[Python-ideas] Extending expressions using ellipsis

Shane Hathaway shane at hathawaymix.org
Thu Sep 1 01:24:33 EDT 2016


On 08/31/2016 07:25 PM, Guido van Rossum wrote:
> On Wed, Aug 31, 2016 at 2:46 PM, Shane Hathaway <shane at hathawaymix.org> wrote:
> [...]
>> I'd like to suggest a small change to the Python parser that would make long
>> expressions read better:
>>
>> rows = dbsession.query(Table1) ...
>>     .join(
>>         Table2, Table2.y = Table1.y)
>>     .filter(Table1.x = xx)
>>     .all()
>>
>> [...]
> (And no, this isn't equivalent to using '\'.)

Exactly.

> Would this be enforced in the grammar or by the lexer? Since you say
> you expect the indentation to be enforced, that suggests it would be
> done by the grammar, but then the question is how you would modify the
> grammar?
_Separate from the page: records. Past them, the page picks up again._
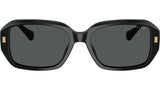 RA5325U 500187 Black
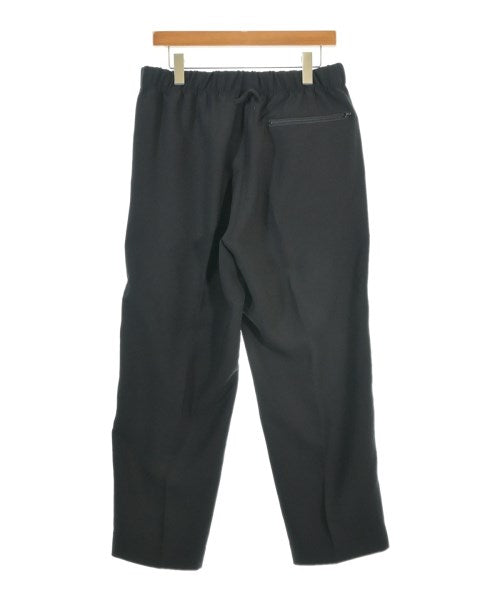 UNITED ARROWS&SONS กางเกง อื่น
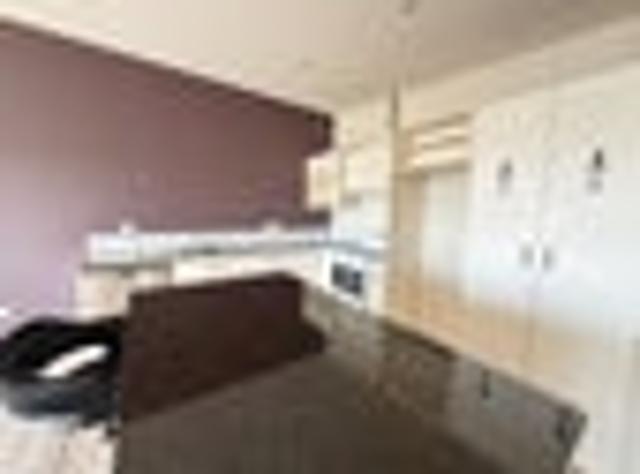 Townhouse for rent in Howick, Oroua County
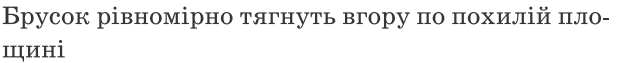 0901zmzr-aff5-637x63.png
You could take the rule that says an expression can be
> followed by ".NAME" and extended it to also allow "... INDENT xxxxx
> DEDENT" where the xxxxx is whatever's allowed at ".NAME" (i.e. ".NAME"
> followed by other tails like "(......)" or "[.......]".
>
> But then you could only use this new idea for chaining method calls,
> and not for spreading other large expressions across multiple lines.

Yes, I was hoping the enhancement might be useful for more than just 
chaining method calls; if possible, the ellipsis should be allowed 
between any expression tokens.

I'll study the grammar and see if my idea fits cleanly somehow. Thanks!